My question about his son’s availability drew a blank, uncomfortable, vulnerable stare. My first impression was that some outside force had rendered him speechless for some reason. Then, he blurted. “Oh, I don’t know anything about that. I have no idea. You’ll have to talk to my wife.”
His tone made it clear that he wanted me to take that last sentence literally. This guy, who may be a captain of industry at the office, was not going to be making any executive decisions here. He did not want to be in the middle of this one. He was clearly out of political capital with the real boss. He knew that I knew his wife and that was enough of an opening to get him out of this deal. He didn’t say “she’s in charge,” but he didn’t have to. He knew and I knew, because most dads are in the same boat, including me.
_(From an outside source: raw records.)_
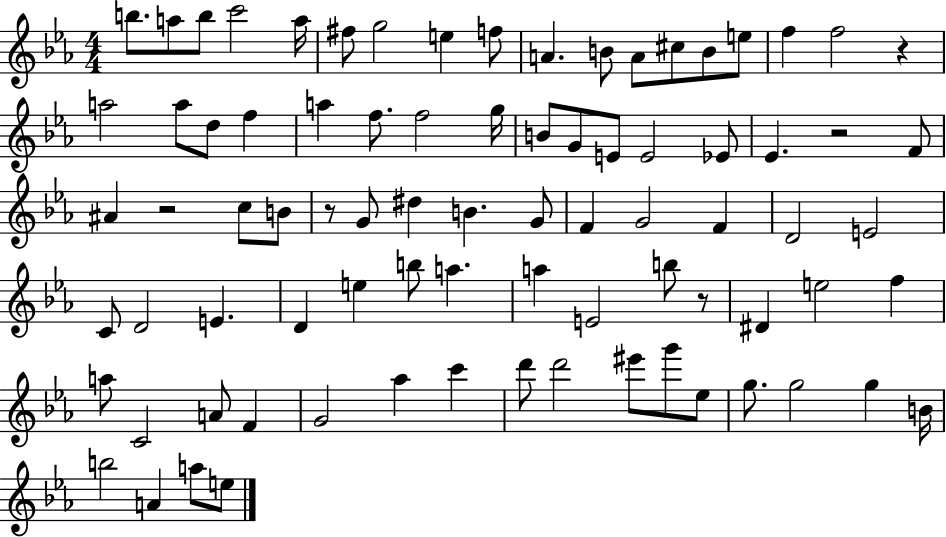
X:1
T:Untitled
M:4/4
L:1/4
K:Eb
b/2 a/2 b/2 c'2 a/4 ^f/2 g2 e f/2 A B/2 A/2 ^c/2 B/2 e/2 f f2 z a2 a/2 d/2 f a f/2 f2 g/4 B/2 G/2 E/2 E2 _E/2 _E z2 F/2 ^A z2 c/2 B/2 z/2 G/2 ^d B G/2 F G2 F D2 E2 C/2 D2 E D e b/2 a a E2 b/2 z/2 ^D e2 f a/2 C2 A/2 F G2 _a c' d'/2 d'2 ^e'/2 g'/2 _e/2 g/2 g2 g B/4 b2 A a/2 e/2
So this past fall, Mike wanted to play three sports. Football for his new middle school, fall baseball in the town league and rec league basketball for a team that I was coaching. With school underway and Mike engaging the challenging 7th grade curriculum, we knew it would be a tight squeeze schedule-wise, but the opening was there:
• Football practice and games were all after school on weekdays
• Basketball had no practices and games only on late Sunday afternoons or evenings
• Baseball was during daylight on the weekends
So we got started and the inevitable happened. Homework and tests were incessant and increasing and there were elaborate projects that required kids to work together outside of the classroom. The concept of learning a foreign language -- Spanish -- was something Mike did not take well to.
Something had to give and my wife, Kathi, was adamant. Our perfect attendance record at Mike’s games and practices was in serious jeopardy.
Wacky Youth Sports Dad that I am, I started doing whatever I could to make it work. Studying with Mike in the early mornings, going to the game sites 15 minutes before the start time instead of 45, taking over Mike’s responsibilities around the house – that was my new MO. I actually believed that I had stabilized the situation.
One week or so later, I get an email from Kathi around 4 p.m., after Mike arrived home from school and the daily ritual of reviewing homework and upcoming tests was complete.
Mike will not be able to go to football practice tomorrow and the Sunday basketball game is out. We’ll see if he can play baseball on Saturday. He has a project due on Monday and midterms are next week.
Of course, my answer to all of this is that proper time management would make everything doable, but that would mean no chatting or texting, no video games, no downtime in his room and no cuddle time with Mom. Knowing only too well that that wasn’t going to happen, my warped mind turned to another solution.
So I replied to Kathi’s email with deadpan matter-of-factness.
This academic stuff is really starting to get in the way of Mike’s sports schedule. Do you think we could drop a couple of classes?
About 90 seconds later, my cell phone rang and there was Kathi. And she was not laughing.
“How old are you? You’re supposed to support me in all of this. And it’s not funny.”
Of course, I was kidding. But it is a bit scary that the thought even entered my head.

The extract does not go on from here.